YOUR OBJECTIVE →
Beginning with the line that holds "Продавам телефон Alcatel" and ending with the last line below, repeat each line exactly, leaving any pictures out.

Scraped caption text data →

◆ ◆ ◆ ◆ ◆

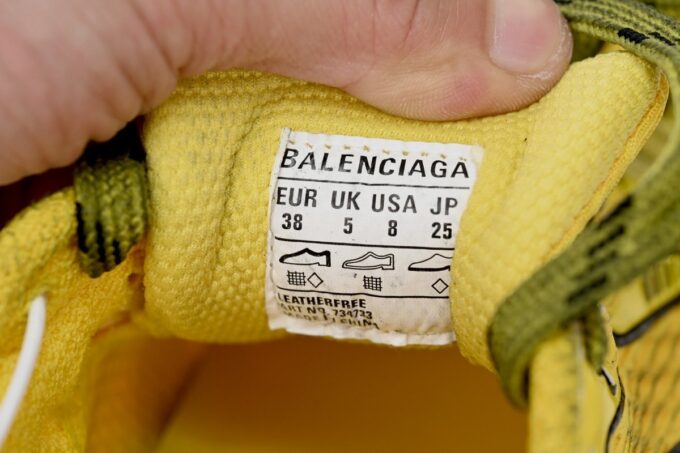 Balenciaga 3XL Black Yellow - Image 9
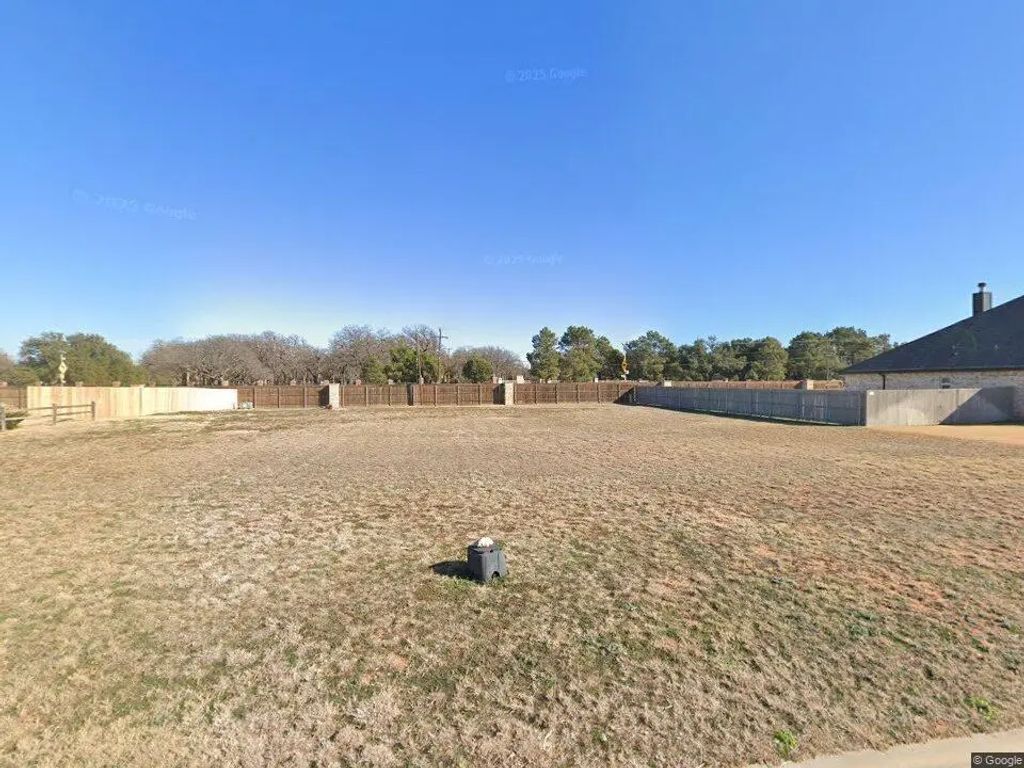 2217 Manor Oaks Terrace, Abilene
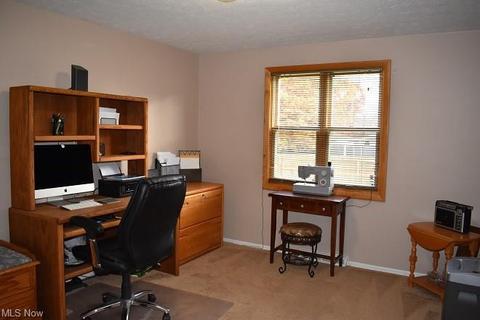 7305 Ames Rd, Parma, OH 44129 photo 20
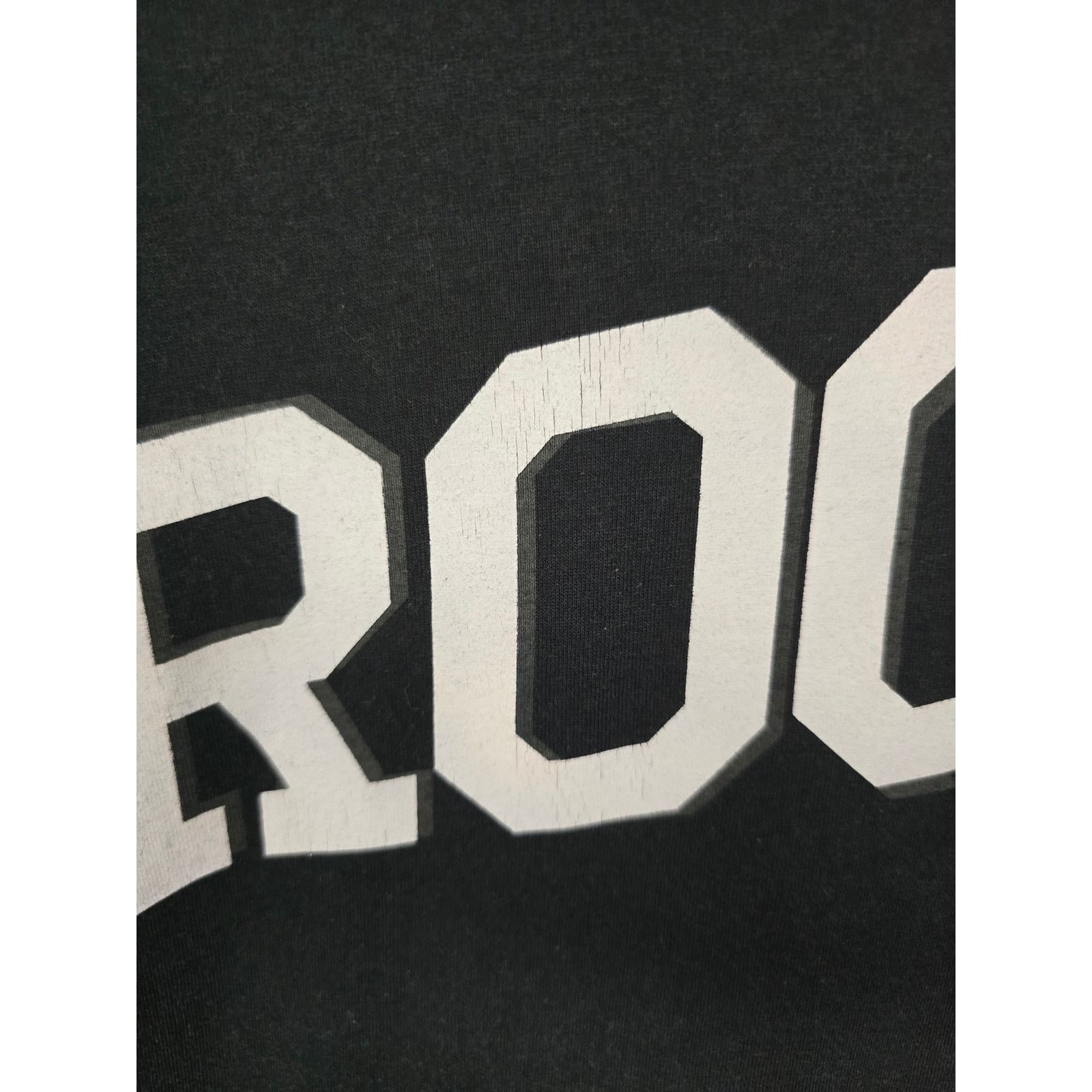 Rocawear Rocawear Shirt 2XL Vneck Y2K Streetwear Black Graphic Tee Size US XXL / EU 58 / 5 - 3 Thumbnail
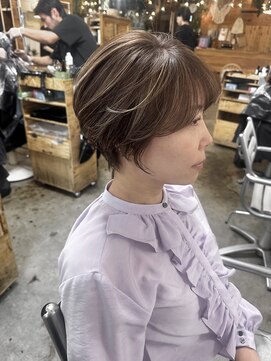 ウィークエンド(WEEKEND) 白髪活かしハイライト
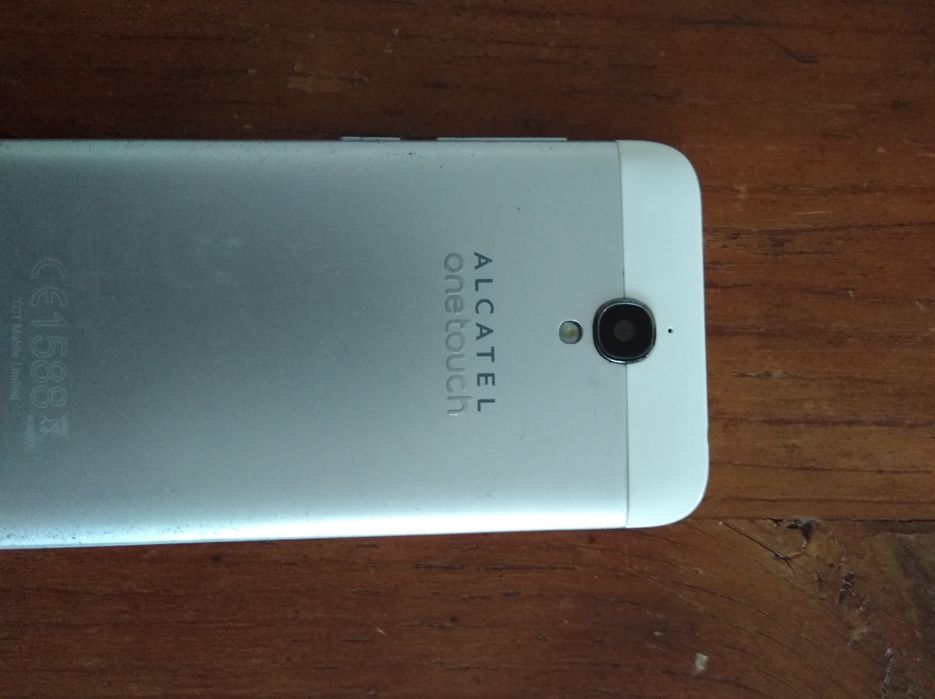Продавам телефон Alcatel one touch ibol 2 mini android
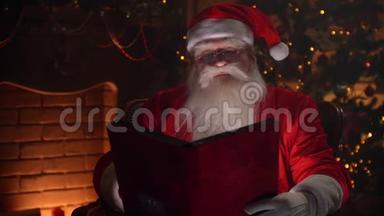 欢乐的正宗圣诞老人条款翻页红色封面书，壁炉和圣诞树上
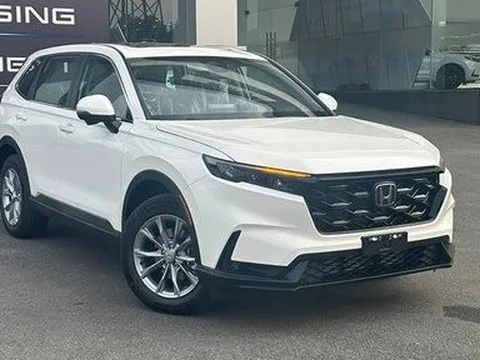 Honda CR-V 2024 vừa ra mắt đã được đại lý giảm giá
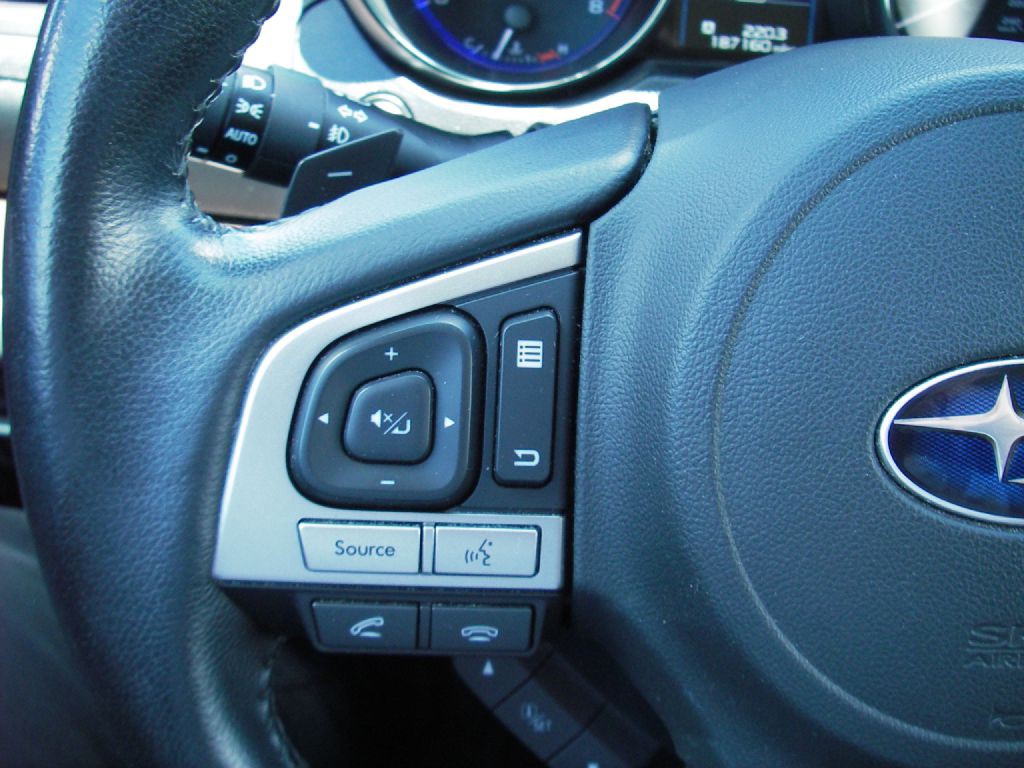 2015 Subaru Outback Image 18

◆ ◆ ◆ ◆ ◆

SOLUTION FOR THIS TASK →
Продавам телефон Alcatel one touch ibol 2 mini android
 欢乐的正宗圣诞老人条款翻页红色封面书，壁炉和圣诞树上
 Honda CR-V 2024 vừa ra mắt đã được đại lý giảm giá
 2015 Subaru Outback Image 18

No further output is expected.